Ficonalkib: a new contender in ALK-positive non-small cell lung cancer treatment
Introduction
Seventeen years ago, the discovery of anaplastic lymphoma kinase (ALK) fusion in non-small cell lung cancer (NSCLC) revolutionized the treatment of ALK-positive NSCLC (1). About 4% of NSCLC cases, mainly affecting young never or light smokers with adenocarcinoma histology, exhibit this molecular alteration (2). Advances in treatment have translated in significant survival gain for these patients, with reported median overall survival (OS) exceeding 5 years in select cohorts (3,4).
Following the approval of crizotinib, a first-generation tyrosine kinase inhibitor (TKI), in 2011, several next-generation ALK TKIs were approved (5). These include second-generation TKIs such as ceritinib, alectinib, and brigatinib, and the third-generation TKI lorlatinib. Currently, alectinib, brigatinib, and lorlatinib are recommended as first-line treatments due to their better central nervous system (CNS) penetration and survival advantage over crizotinib (6-9).

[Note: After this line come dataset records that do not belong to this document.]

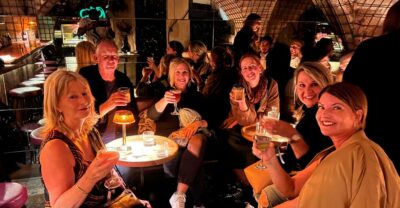 Speakeasy, Explore hidden bars in Paris - The 2-hour plan: three speakeasies with time to actually enjoy them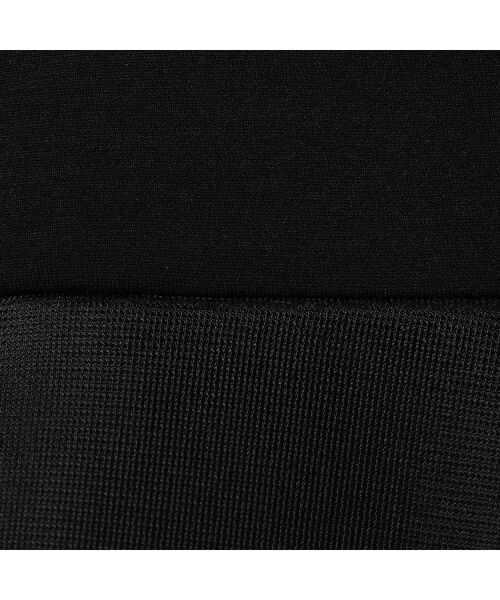 Rose Tiara / ローズティアラ ミニ丈・ひざ丈ワンピース | 【M-StyleLuxeコラボ】【人気のため追加】メッシュスカートワンピース | 詳細11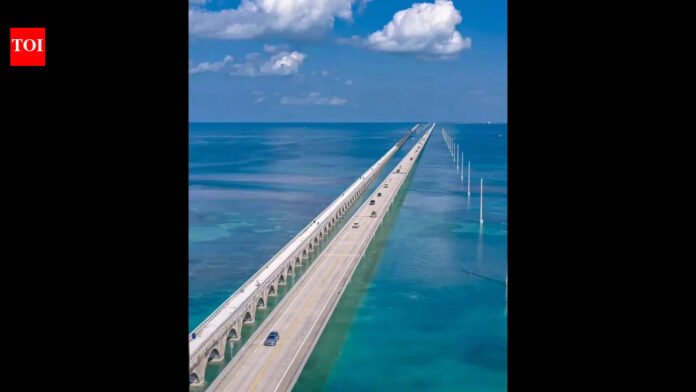 Abhinav Lamba: Indian tourist Abhinav Lamba dies in Florida Keys reef while scuba diving, was found in distress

Ultimately, all ALK-positive NSCLC patients experience progression on ALK TKIs due to resistance, which can be broadly categorized as on-target or off-target. After progression on second-generation ALK TKIs, primarily on-target resistance mutations develop in 50–60% of patients. Lorlatinib, however, has a significantly higher incidence of off-target resistance compared to on-target resistance (10). Lorlatinib can overcome most resistance mutations to first- and second-generation ALK TKIs, including G1202R, and it is a standard treatment in this setting, with a 47% overall response rate (ORR), a 63% CNS ORR, and a median progression-free survival (mPFS) of 7.3 months in second or later lines of treatment (4,10).
With one effective third-generation ALK TKI already approved, is there a need for more similar drugs? Lorlatinib is highly effective, with excellent brain penetration, but has a peculiar adverse event profile (weight gain, hyperlipidaemia, neurocognitive side effects, etc.) (9,11). Ficonalkib is a highly active, CNS-penetrant, third-generation inhibitor with high ALK selectivity, potentially improving the side effect profile. Furthermore, in vitro assays have shown that ficonalkib is active against a range of ALK mutations that emerge following treatment with first- and/or second-generation inhibitors (12). In the following paragraphs, we will review data from the first-in-human phase 1/2 trial evaluating this novel third-generation ALK inhibitor (12).
Trial design
This first-in-human, multicentre, open-label study comprised a phase 1 part involving dose escalation and dose expansion with safety as the primary endpoint, followed by a phase 2 part where the primary objective was the ORR.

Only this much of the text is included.